Quelles inclusions ont le plus de valeur ? Tout dépend des collectionneurs. Parmi les inclusions les plus chères figurent celles que les passionnés de l’ambre connaissent sous le nom des trois trésors : les scorpions, les lézards et les grenouilles. Plus gros et plus forts que bon nombre d’insectes, la plupart de ces animaux pouvaient s’échapper facilement de la résine. Ceux qui se faisaient prendre étaient le plus souvent très petits ou avaient peut-être été affaiblis par une maladie ou blessés par un prédateur. En existe-t-il beaucoup ? Non, ils sont rarissimes. D’après un collectionneur, on n’a découvert que de 30 à 40 scorpions, de 10 à 20 lézards et 8 ou 9 grenouilles. Ceux que l’on trouve ont donc énormément de valeur. En 1997, on a déniché en République dominicaine un morceau d’ambre qui contenait une grenouille ; on l’a estimé à plus de 54 000 euros.
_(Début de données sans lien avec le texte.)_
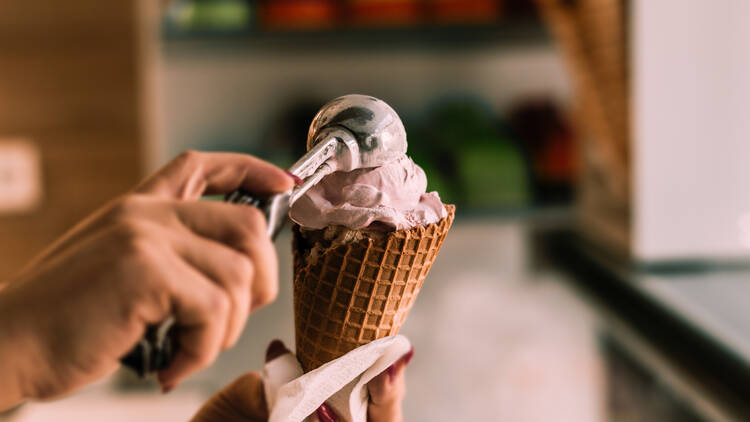 Scooping an ice cream cone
Selon des scientifiques, d’autres sortes d’inclusions sont encore plus fascinantes. Comme souvent les insectes étaient emprisonnés rapidement, de nombreux morceaux d’ambre renferment des “ instantanés ” de l’histoire antique. Ils donnent des indications sur le comportement des insectes, par exemple celui d’un prédateur avec sa proie. Certains spécimens abritent des œufs, des larves en pleine éclosion, des cocons d’araignées avec des embryons, ou des araignées juste écloses. Des scientifiques peuvent ainsi étudier les divers stades du développement des insectes. Un morceau d’ambre, conservé dans un musée de Stuttgart, en Allemagne, renferme une colonie de 2 000 fourmis.
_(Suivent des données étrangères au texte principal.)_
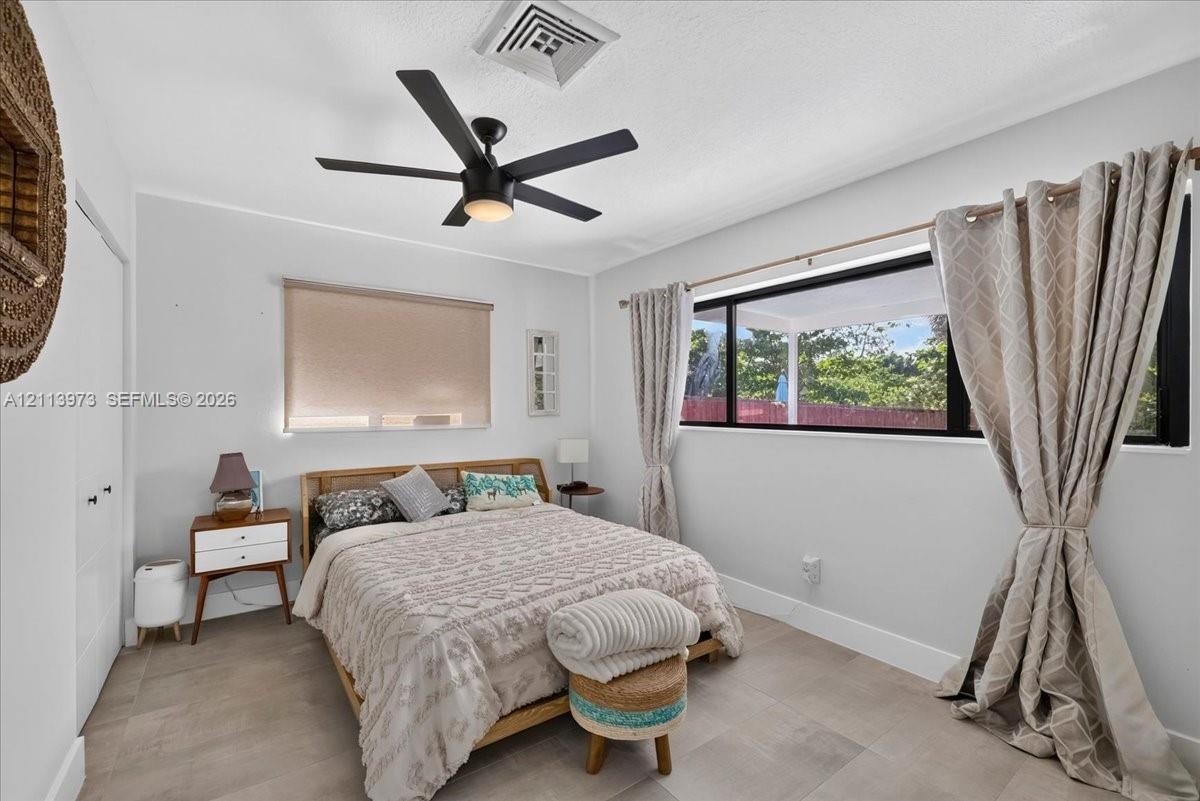 Bedroom featuring large-format tile flooring, matte black ceiling fan with integrated lighting, oversized horizontal window with black trim, and white closet doors with dark hardware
À partir des inclusions, on peut également glaner des informations sur la flore des forêts d’autrefois. Grâce aux fleurs, aux champignons, à la mousse, aux feuilles et aux graines conservés dans l’ambre, on a réussi à identifier quantité de plantes et d’arbres ancestraux. De plus, des scientifiques sont presque sûrs qu’il existait des figuiers, et ce même si aucune feuille ou brindille n’a été retrouvée. Pourquoi ? Parce que l’on a découvert enserrées dans l’ambre plusieurs espèces de guêpes, dont certaines ne vivent que dans des figuiers. Par conséquent, on peut raisonnablement penser que des figuiers poussaient aussi dans la forêt.
Reconstituer le passé ?
Il y a quelques années, on a réalisé un film célèbre qui s’appuyait sur le principe que l’on pouvait reproduire des dinosaures à partir de l’ADN du sang de dinosaures présent dans des moustiques prisonniers de l’ambre. Beaucoup de scientifiques pensent que cette manipulation génétique est impossible. Tous les êtres vivants possèdent leur ADN, qui comporte des informations codées déterminant leurs traits héréditaires. Pourtant, même si grâce à des expériences scientifiques on a récupéré de petits fragments d’ADN chez des insectes et sur des plantes enfermés dans de l’ambre, on est loin de pouvoir reproduire des créatures disparues.
L’ADN récupéré est non seulement endommagé, mais il est aussi incomplet. Selon une estimation, les fragments récupérables contiendraient moins d’un millionième du total des informations du code génétique de l’être vivant concerné. Reconstituer ce code reviendrait à reconstituer un livre de milliers de pages à partir de phrases en désordre et incomplètesa.